- Born: c. 1967
- Education: University of Brighton
- Partner: Neil Cooper
- Children: 2 (twins)

= Trish Halpin =

Magazine editor

Trish Halpin is the editor-in-chief of Marie Claire, who has previously edited Red, More! and New Woman magazines. She has received several awards from the British Society of Magazine Editors, in 2003, 2005, and 2013. Halpin is married, and has twins.

== Early and personal life ==
Halpin attended a Catholic school in North London and before going on to study English and Media at Brighton Polytechnic (now the University of Brighton). Whilst at Brighton Polytechnic, Halpin met her photographer husband-to-be, with whom she had twins Esme and Kit

== Career ==
Halpin's career originated at Construction News, before she moved to Screen International. At that time, she had "no ambition at all to work in magazines", and was not even thinking about being an editor.
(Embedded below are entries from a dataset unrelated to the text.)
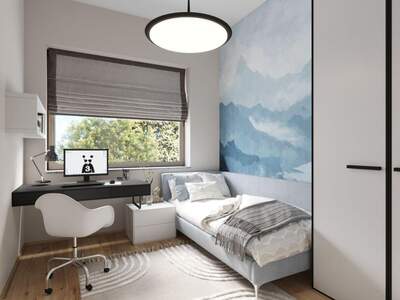 Wohnung kaufen in 5310 Mondsee (Bild 3)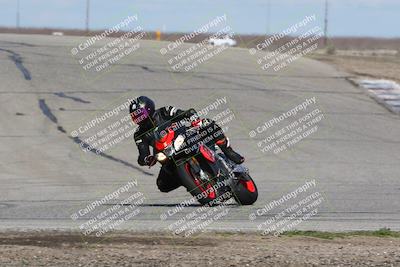 media/Feb-10-2024-TrackDaz (Sat) [[d83b097a69]]/A Group/1pm (Outside Grapevine)/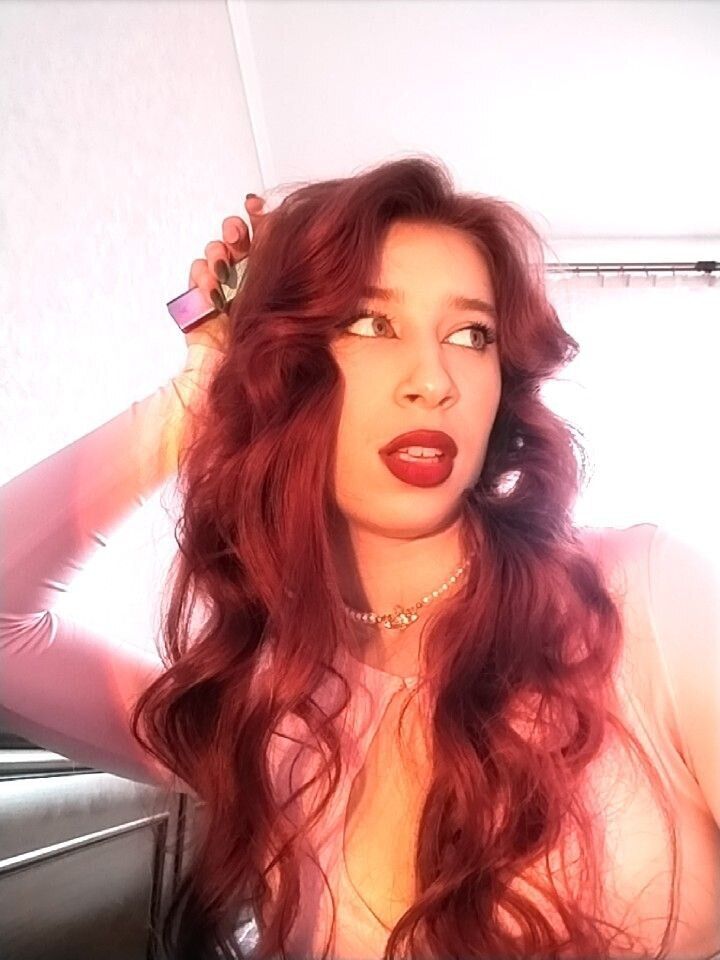 ���� 42353836 ������� ��������, 22 ����, ���� ���������� � �������-��-����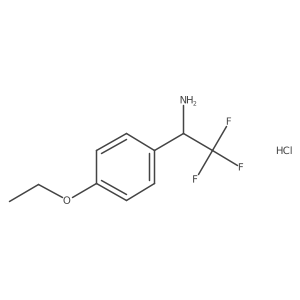 1391548-76-7 structure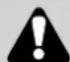 LG MS2883AAK - Istruzioni importanti per la sicurezza - 1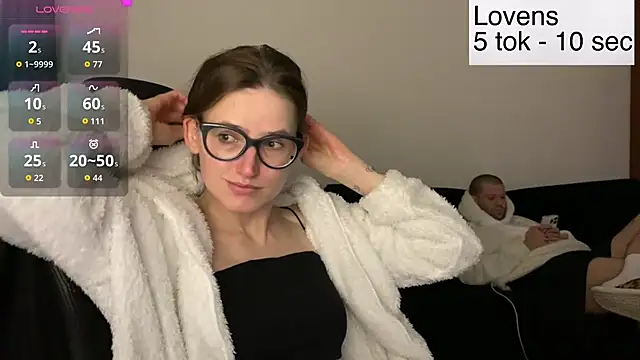 Sexy_Sweets Chat XXX live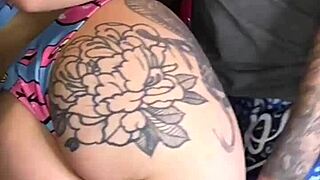 oh god i cant believe this filthy puppy s4 with milf action from european stars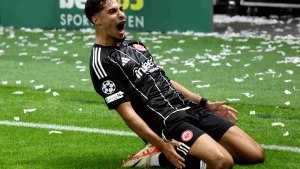 Galatasaray acelera por el tapado del Colchonero: acecha desde Alemania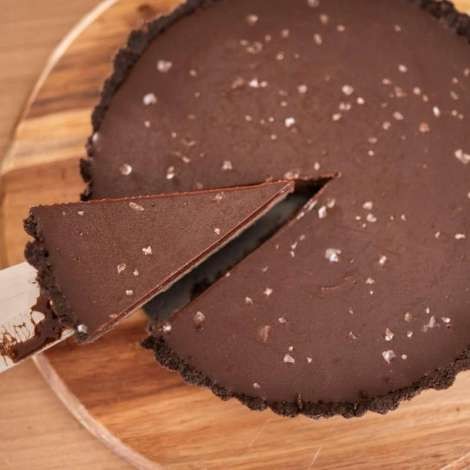 Food onboard ATLAS # 9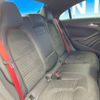 mercedes-benz cla-class 2016 -MERCEDES-BENZ--Benz CLA DBA-117351--WDD1173512N418020---MERCEDES-BENZ--Benz CLA DBA-117351--WDD1173512N418020- image 11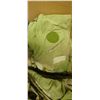 Image 9 : ARMY SURPLUS CRATE - ROUGHLY 20 JUMPSUITS AND OTHER MISC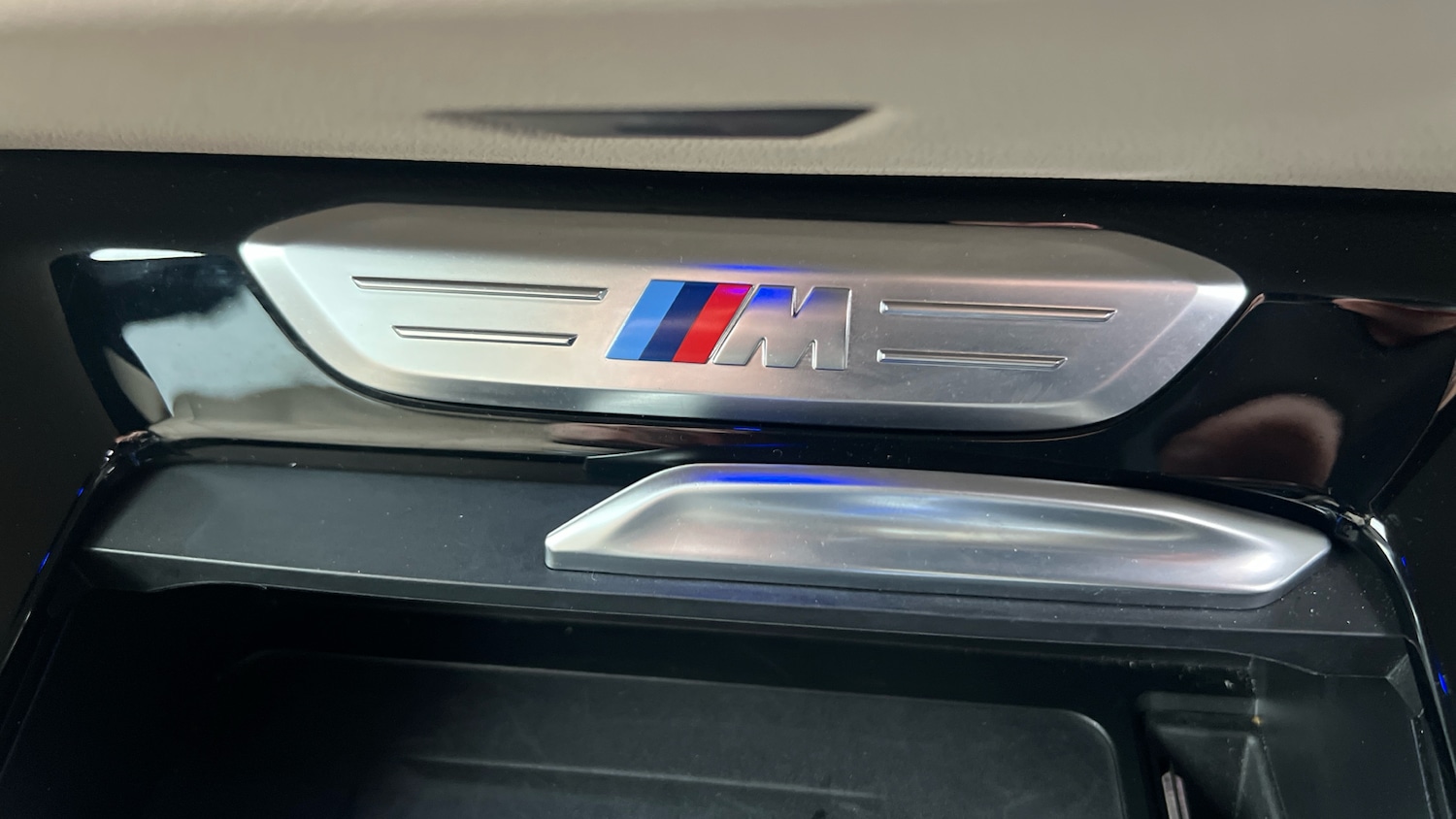 Used BMW X4 2020 for sale - 76968717: Photo 33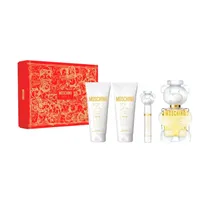  Kit Perfume...
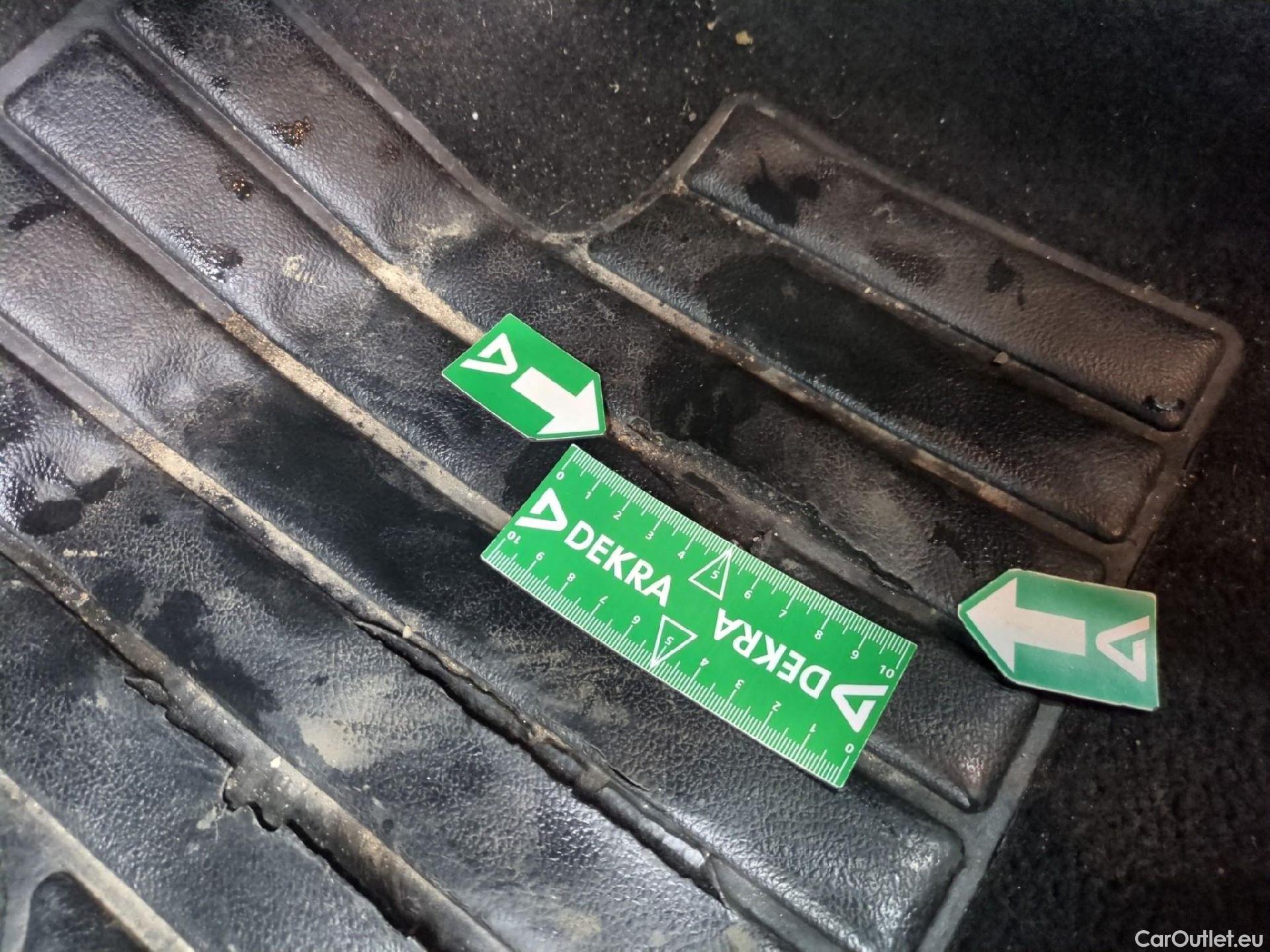  Renault  Clio  V Société Air Nav 1.5 dCi 85CV BVM6 E6dT #3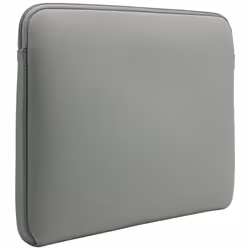 Case Logic Laps LAPS116 - Ramble Green 16" Housse Vert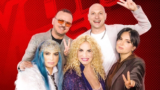 La prima puntata di The Voice Kids 2024: Scopri i talenti scelti dai coach nelle Blind Auditions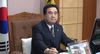 [NSP PHOTO][2013기관장에게 듣는다(1)] 부산의 균형발전 위해 노력 김석조 부산시의회 의장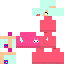 Texture for 123456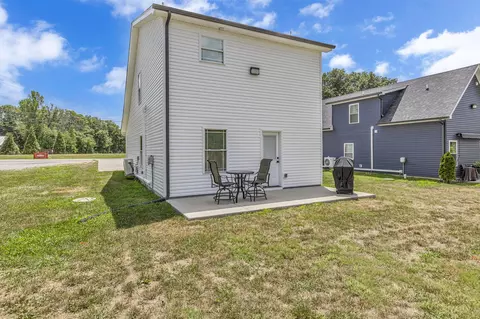 106 Eno Rd, Dickson, TN 37055 photo 20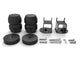 Kit Timbren SES arrière Ford 4x4 demi-tonne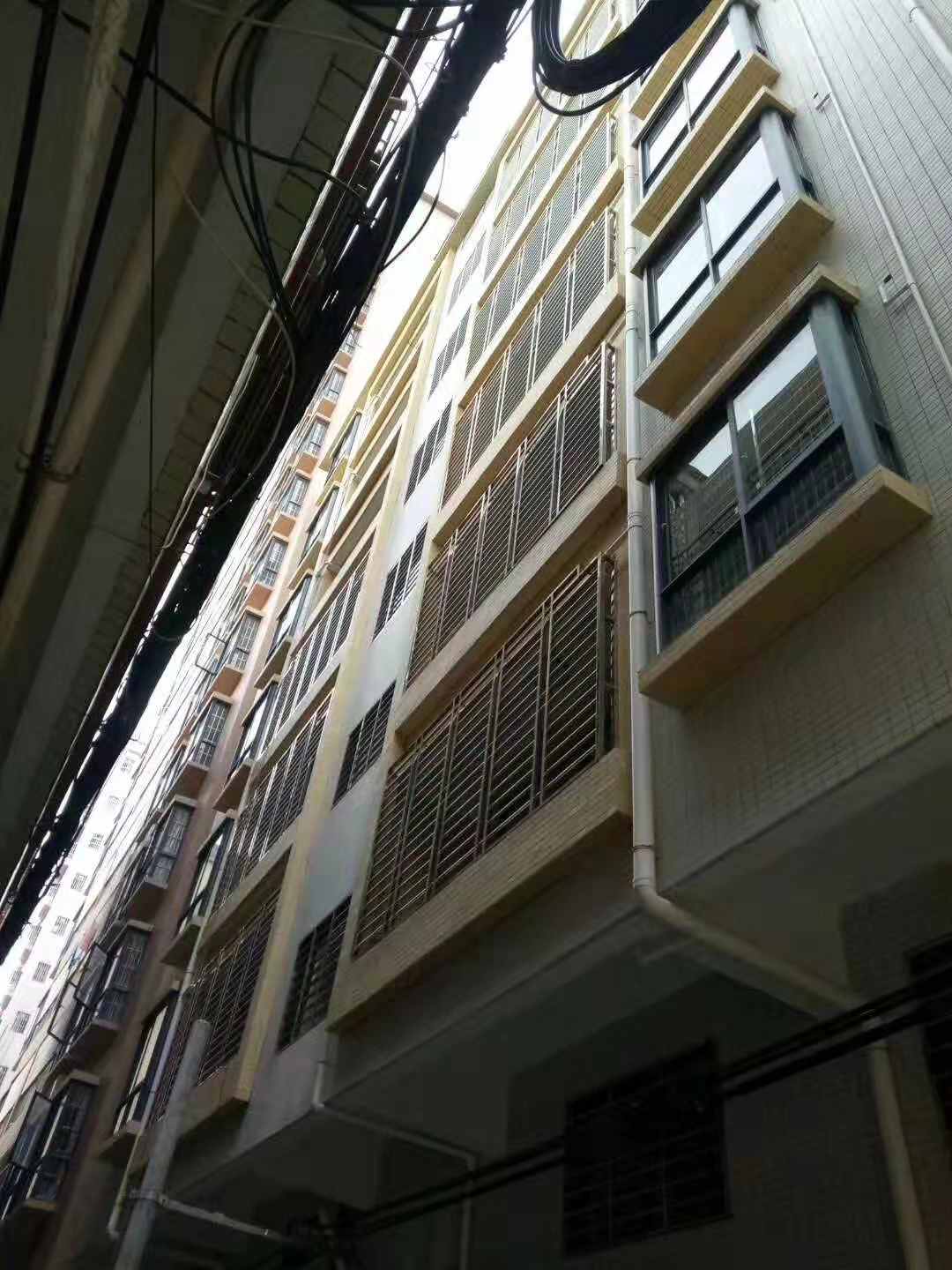 喜有沃不銹鋼.jpg 喜有沃不銹鋼.jpg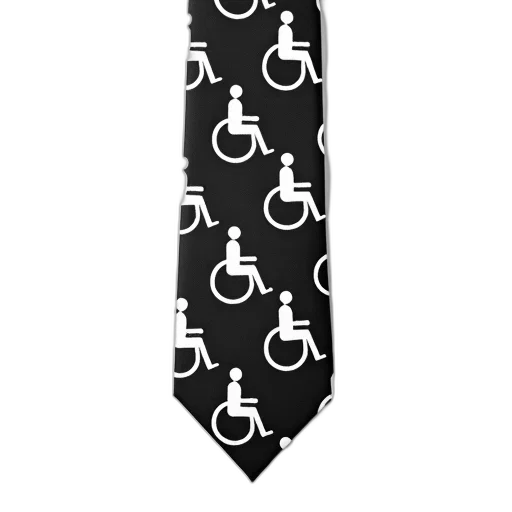 staff, umbrella, monochrome, black transparent PNG cut-out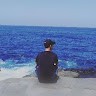 吳孟澤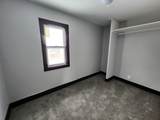 2632 Ridgeland Avenue - Photo 9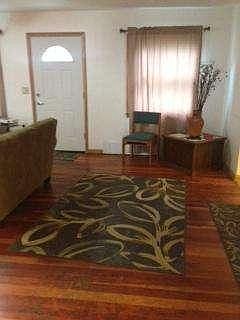 4th image of 5725 N 64th St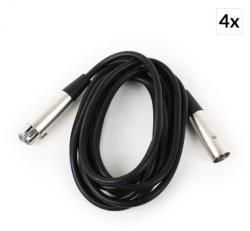 FrontStage PL-4X10705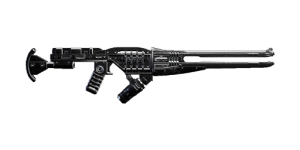 T UI IconWpn2HHarkRifle01 T2R D.png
Halpin's first post in publishing was doing classified adverts in administration.

Halpin has edited Red magazine, and deputy edited the More! and New Woman magazines. At More!, Halpin was hired by Marie O'Riordan, the editor she succeeded at Marie Claire, in a position of production editor. Halpin edited the United Kingdom edition of the InStyle magazine, a position she held since September 2006 until moving to Marie Claire in 2009; she was replaced at In Style by Eilidh MacAskill.

Halpin became the editor of Marie Claire on 2 February 2009, taking over from Marie O'Riordan. Whilst at Marie Claire, Halpin also launched the biannual magazine Marie Claire Runway.

=== Awards ===
Halpin has received the 'Editor of the year' award, given by the British Society of Magazine Editors, three times, in 2003, 2005, and 2013; at which she was awarded the 'Women's Brand – Monthly or Less Frequent' award.